In two appearances Friday and Saturday, Iowa Attorney General chief of staff Eric Tabor presented the legislation's framework to the gathering, saying other efforts to help farmers were unsuccessful or showed unsatisfactory results. Pieces of this already are state law in Iowa, but farmers need the whole package.

Attorneys General in other states "are very concerned about competition" within their states, Tabor said. However, they are having trouble using anti-trust laws to enhance competition.

The way the courts have interpreted these laws is not favorable to small and medium-sized agricultural producers, and the results are very hard to change, he said. The courts have tended to view things only from the consumer side of the picture and not from the producer's point of view.

As a result, Tabor's office has resorted to legislative means, he said. He was afraid that abusive practices alleged to have occurred in the poultry industry were shifting into the hog industry, which is a traditional mainstay of Iowa's agriculture.

The model legislation's specifics aren't completed yet, he said, but the general ideas include things that come from other legislation like requirements for plain language, a three-day cooling-off period and banning confidentiality in contracting.

A ban on confidentiality in contracting already exists in Iowa, Tabor said, and the model legislation his office is working on includes this provision. Many times, one of the parties in a contract-growing arrangement insists on keeping the terms confidential, even from the signer's own lawyer. But with the anti-confidentiality law in Iowa, the Attorney General is collecting and publishing various contracts on its Web site for producers to compare.

The model legislation also includes provisions for a production contract lien, which the grower can file for $10.00, he said. This puts the grower first in line to get paid should a company go bankrupt.

Iowa's legislation also would ban certain "unfair trade practices," Tabor said. It would contain anti-discrimination language, preventing buyers from avoiding growers for non-market-related practices.

It also would prohibit coercive tactics to get growers to fall into a narrow field of acceptable behavior, he said. Companies would not be allowed to intimidate or take retaliatory action against a whistle-blower, for instance, and a grower will be allowed to exercise rights to a court of law. A contract may not have a provision where the grower can sign away such constitutional rights.

THE LITIGATION CLEARINGHOUSE

Attendees also were advised that the organization was putting together a "litigation clearinghouse" to compile a database on anti-trust lawsuits that can be used by lawyers in case research. OCM's associate legal counsel Doug O'Brien made the presentation, saying the Packers and Stockyards Act allows for "private enforcement," but this provision hadn't been used much.

Most farmers don't know it exists, most lawyers are unfamiliar with anti-trust cases and there aren't enough definitions of P&SA terms in administrative rules, O'Brien said.

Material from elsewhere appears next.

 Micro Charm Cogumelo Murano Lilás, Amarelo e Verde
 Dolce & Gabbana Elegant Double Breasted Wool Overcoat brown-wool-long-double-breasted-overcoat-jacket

The clearinghouse would collect any type of information that would lead to "successful" litigation against a packer or poultry processor for unfair practices, O'Brien said. He called for attendees to submit specific instances of unfair or unjustly discriminatory conduct by packers and for documents and records concerning trials that deal with the Packers and Stockyards Administration.

The clearinghouse also would keep a list of attorneys interested in this type of litigation, O'Brien said.

LEGISLATION CLEARINGHOUSE

Brian Levy, research associate and administrator for the Institute for Local Self-Reliance, told the group of a similar clearinghouse. This one is called a "legislation clearinghouse," and it is being formed to collect various forms of state legislation to identify successful and unsuccessful portions, allowing legislators elsewhere to formulate good policy.

Levy also wanted examples of contracts, good and bad, as well as information on passing a law that will stand up to court challenge.

THE NEED

Other speakers and participants raged against the contract growing machine, saying such efforts are necessary because of the imbalance of power and a lack of alternatives for growers.

The group tended to focus on poultry contracts but said hog-growing contracts show many similarities. They warned that hog farmers, and possibly cattle producers as well, could be swept up in the contract-growing system and find themselves in a powerless situation.

Under these systems, farmers make sizable investments (commonly around $500,000) in single-purpose buildings. And then, because they are locked into such a huge loan or have so much of their own money tied up in something they can't do anything else with, they are forced to take the terms of a poultry company.

They are afraid to make any waves because, while the loan is for 10 to 15 years, the contract is only on a flock-to-flock basis. Each flock for broiler chickens is in the buildings for only about seven weeks. The chicken processor doesn't have to put its birds in the grower's buildings.

Many of those growers took out their loans and built the buildings before they ever saw a contract, and those who had more favorable contracts to begin with now find them changed, the speakers said.

In addition, William Heffernan, University of Missouri rural sociologist, said each production facility contracts with growers in a 25- to 30-mile radius of the plant, and the circles of influence rarely overlap. So a monopoly situation exists within the circles.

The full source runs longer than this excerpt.